* [Problem description]:
None of the images should appear in your copy. Transcribe the data in full.

--- Material for this task Enclosed Below ---

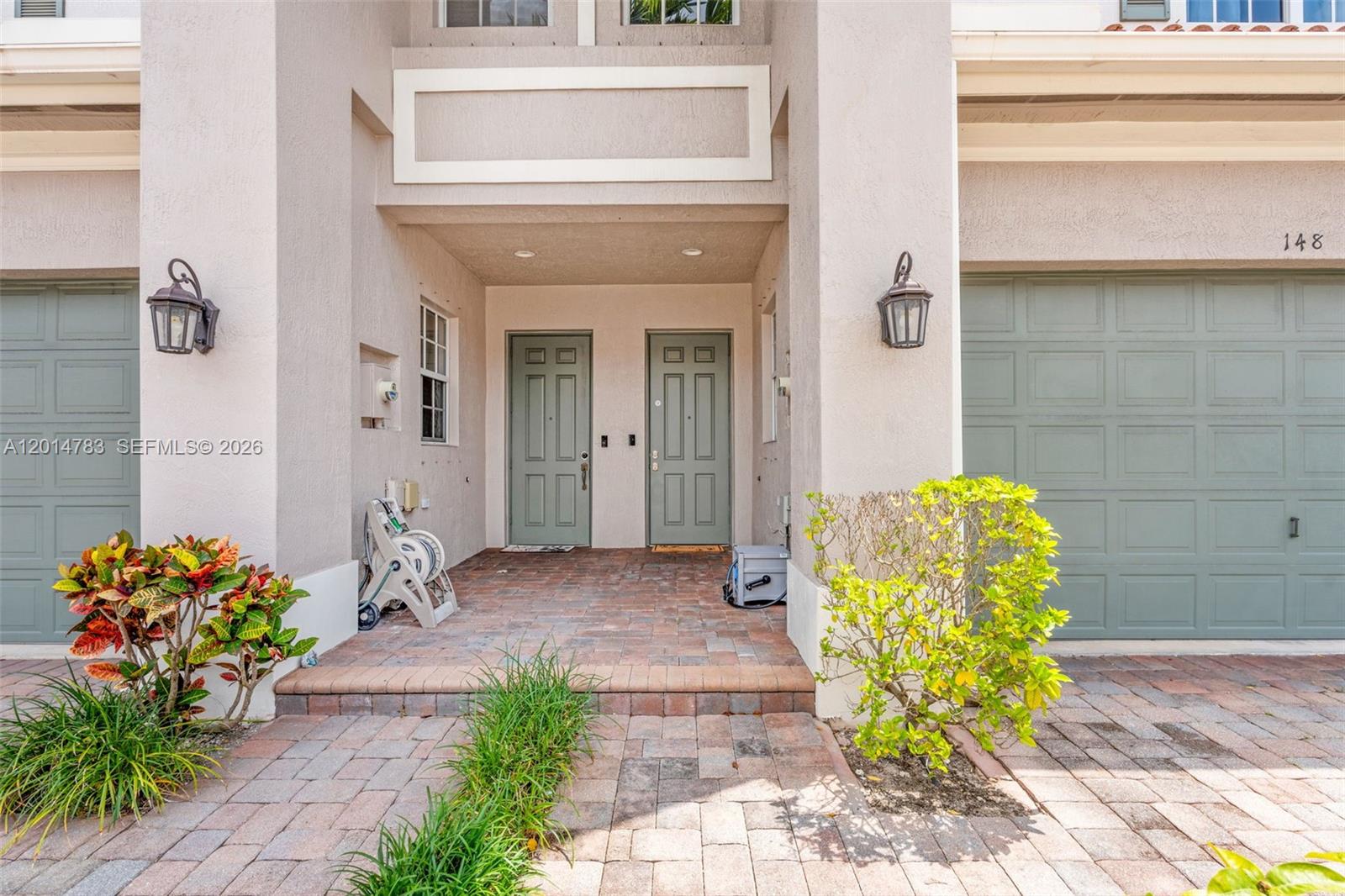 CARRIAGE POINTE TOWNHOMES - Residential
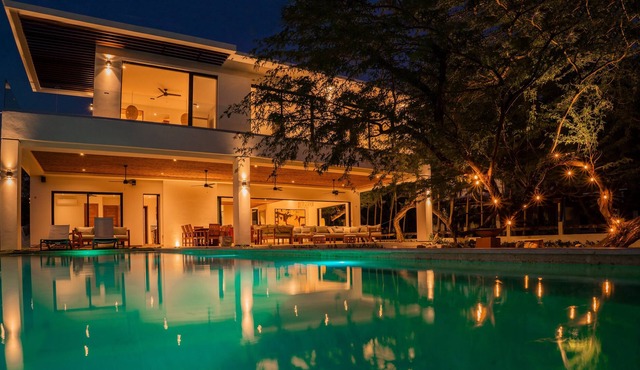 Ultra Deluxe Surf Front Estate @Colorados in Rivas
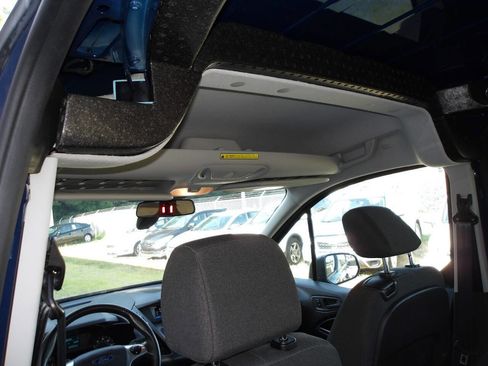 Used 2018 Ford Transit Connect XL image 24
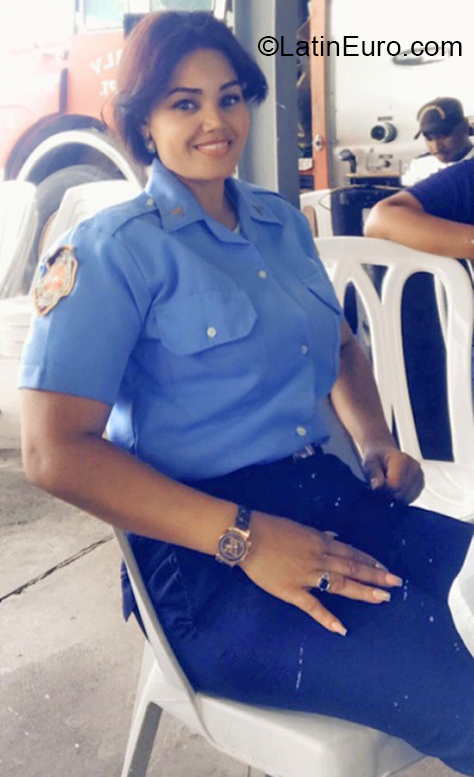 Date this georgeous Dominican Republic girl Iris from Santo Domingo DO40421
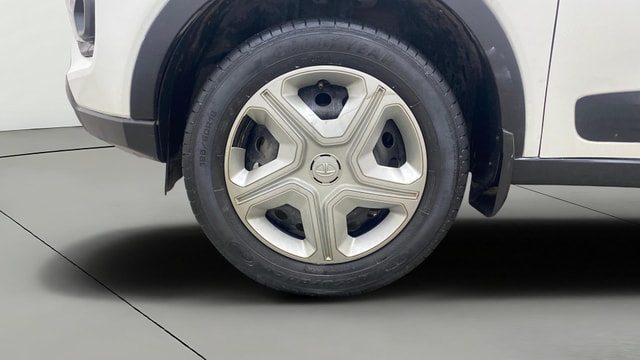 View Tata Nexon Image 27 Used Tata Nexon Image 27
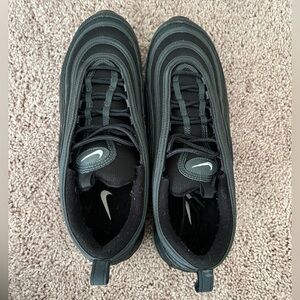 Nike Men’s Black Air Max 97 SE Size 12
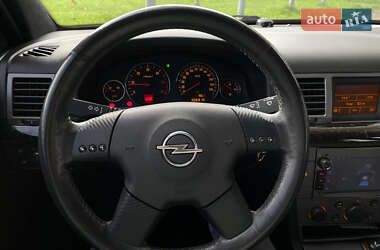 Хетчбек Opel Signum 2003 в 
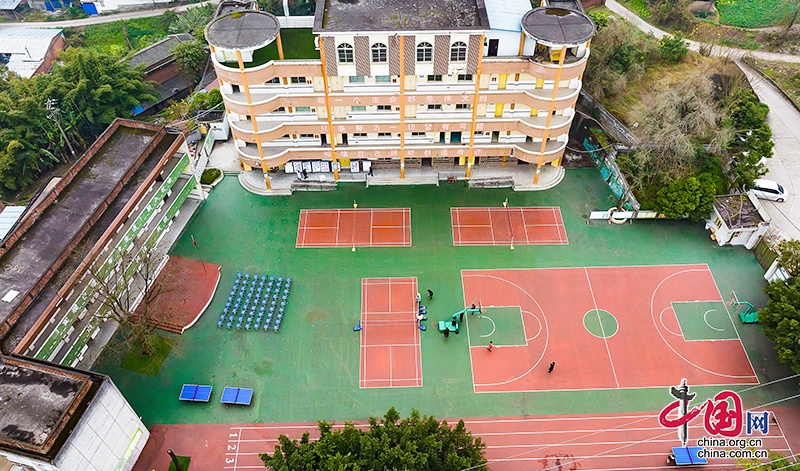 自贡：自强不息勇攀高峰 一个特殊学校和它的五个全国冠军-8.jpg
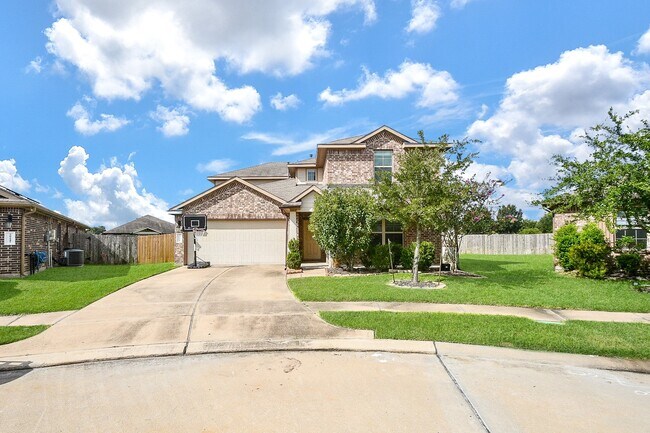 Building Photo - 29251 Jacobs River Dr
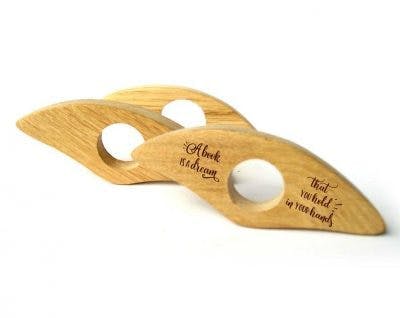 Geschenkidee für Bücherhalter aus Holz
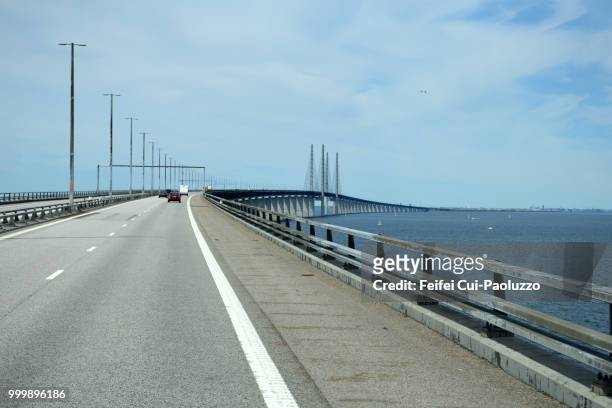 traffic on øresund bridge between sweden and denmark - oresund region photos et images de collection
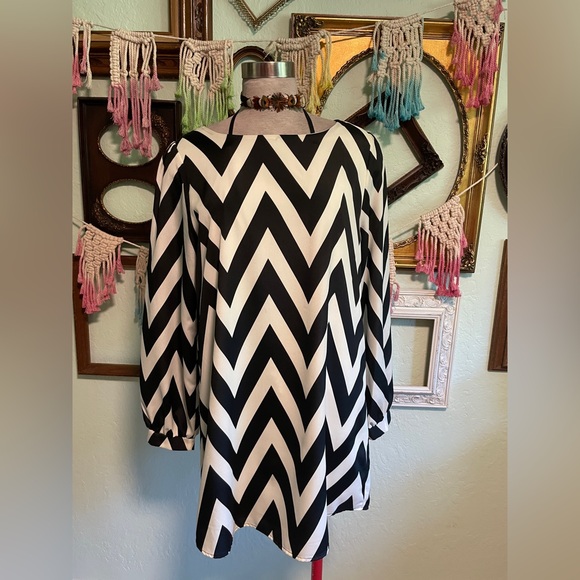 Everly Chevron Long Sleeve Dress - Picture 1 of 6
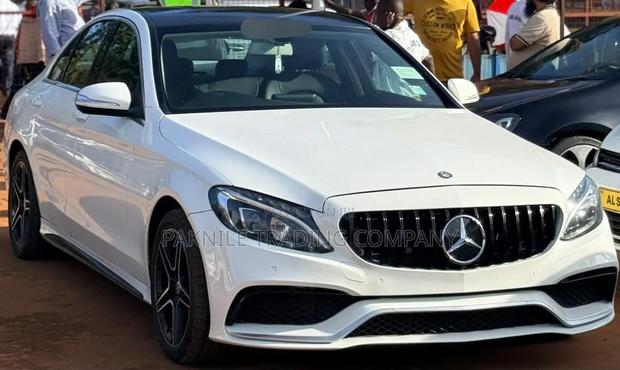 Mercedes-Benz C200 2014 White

--- End of Enclosed Material for this task ---

* [The completed task]:
 CARRIAGE POINTE TOWNHOMES - Residential
 Ultra Deluxe Surf Front Estate @Colorados in Rivas
 Used 2018 Ford Transit Connect XL image 24
 Date this georgeous Dominican Republic girl Iris from Santo Domingo DO40421
 View Tata Nexon Image 27 Used Tata Nexon Image 27
 Nike Men’s Black Air Max 97 SE Size 12
 Хетчбек Opel Signum 2003 в 
 自贡：自强不息勇攀高峰 一个特殊学校和它的五个全国冠军-8.jpg
 Building Photo - 29251 Jacobs River Dr
 Geschenkidee für Bücherhalter aus Holz
 traffic on øresund bridge between sweden and denmark - oresund region photos et images de collection
 Everly Chevron Long Sleeve Dress - Picture 1 of 6
 Mercedes-Benz C200 2014 White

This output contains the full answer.